## [To do]
Repeat the listing exactly. Do not carry over any pictures.

#####

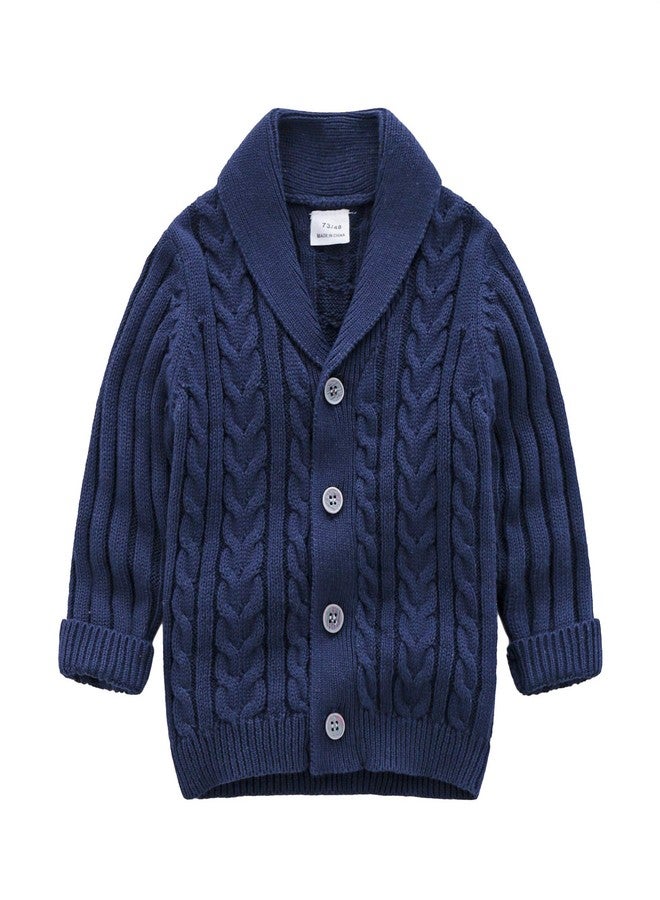 Feidoog Infant Baby Boys Cardigan Crochet Sweater V-Neck，Toddler Knit Button up Knitted Pattern Pullover Sweatshirt,Blue,6-12M - Image 1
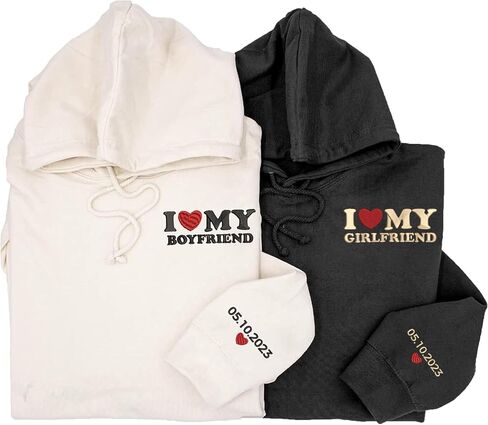 GODMERCH Custom Embroidered I Love My Girl Friend and Boy Friend Sweatshirt & Hoodie, Custom Name Couple On Sleeve With Heart in Kuwait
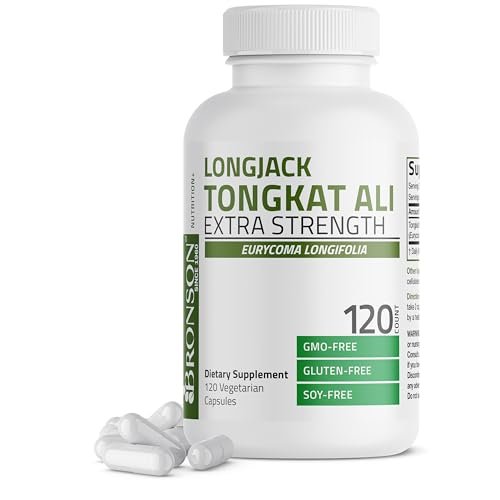 Bronson Longjack Tongkat Ali Extra Strength – 120 vegane Kapseln zur Unterstützung des Testosteronspiegels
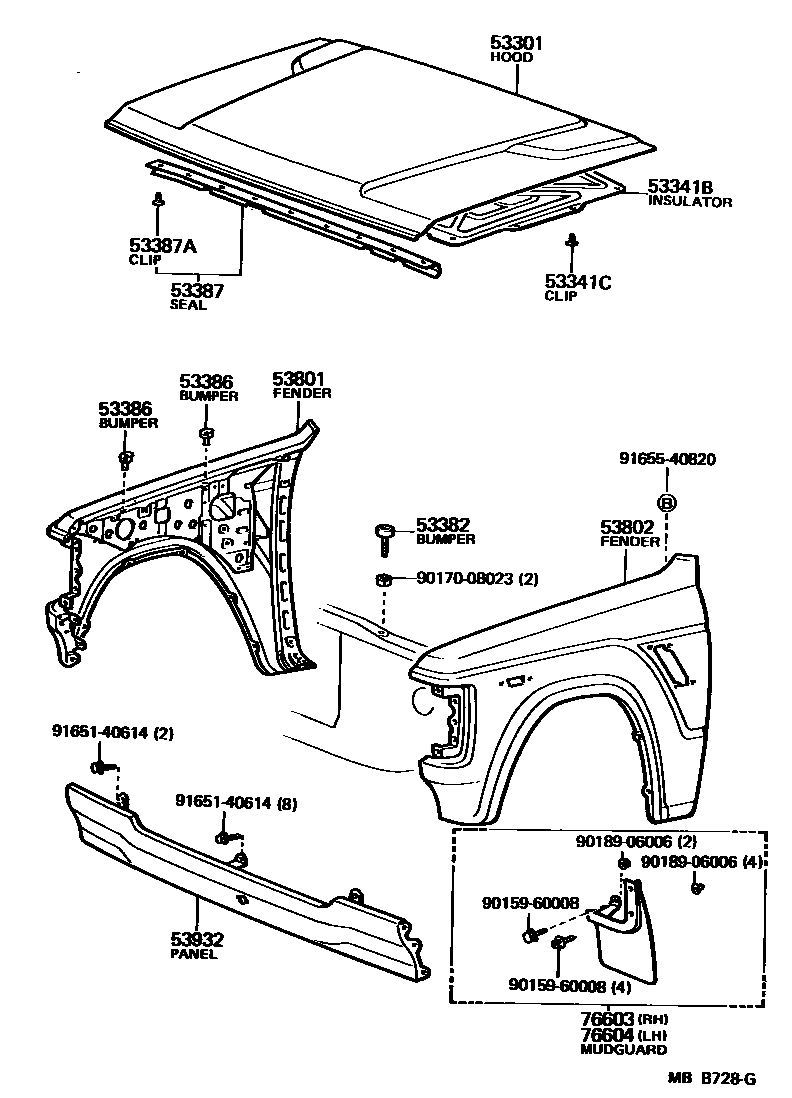 5353 — HOOD & FRONT FENDER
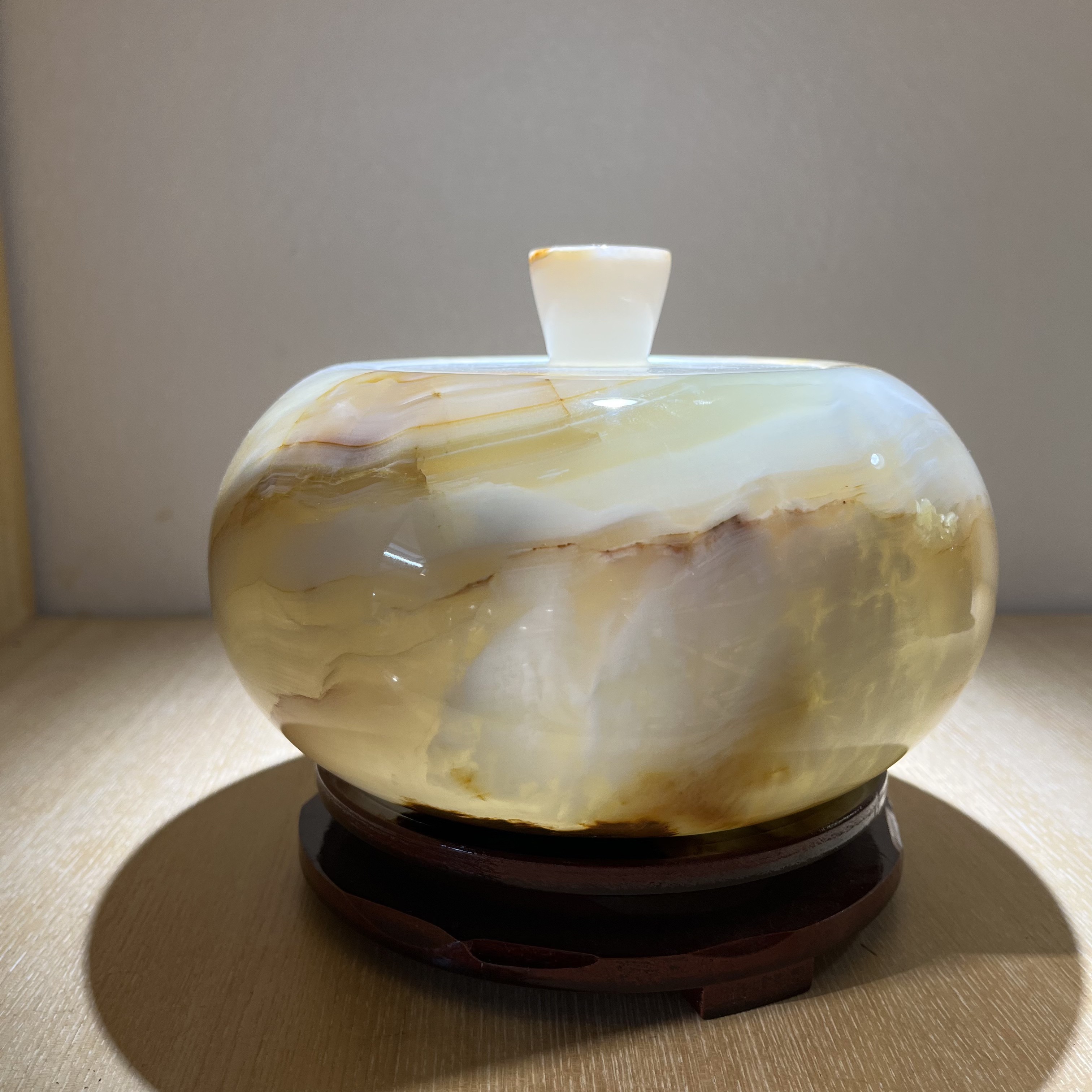 苹果罐新中式家居摆件（具有天然纹路纹理石皮缝隙石洞介意慎拍）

#####

## [The completed task]
 Feidoog Infant Baby Boys Cardigan Crochet Sweater V-Neck，Toddler Knit Button up Knitted Pattern Pullover Sweatshirt,Blue,6-12M - Image 1
 GODMERCH Custom Embroidered I Love My Girl Friend and Boy Friend Sweatshirt & Hoodie, Custom Name Couple On Sleeve With Heart in Kuwait
 Bronson Longjack Tongkat Ali Extra Strength – 120 vegane Kapseln zur Unterstützung des Testosteronspiegels
 5353 — HOOD & FRONT FENDER
 苹果罐新中式家居摆件（具有天然纹路纹理石皮缝隙石洞介意慎拍）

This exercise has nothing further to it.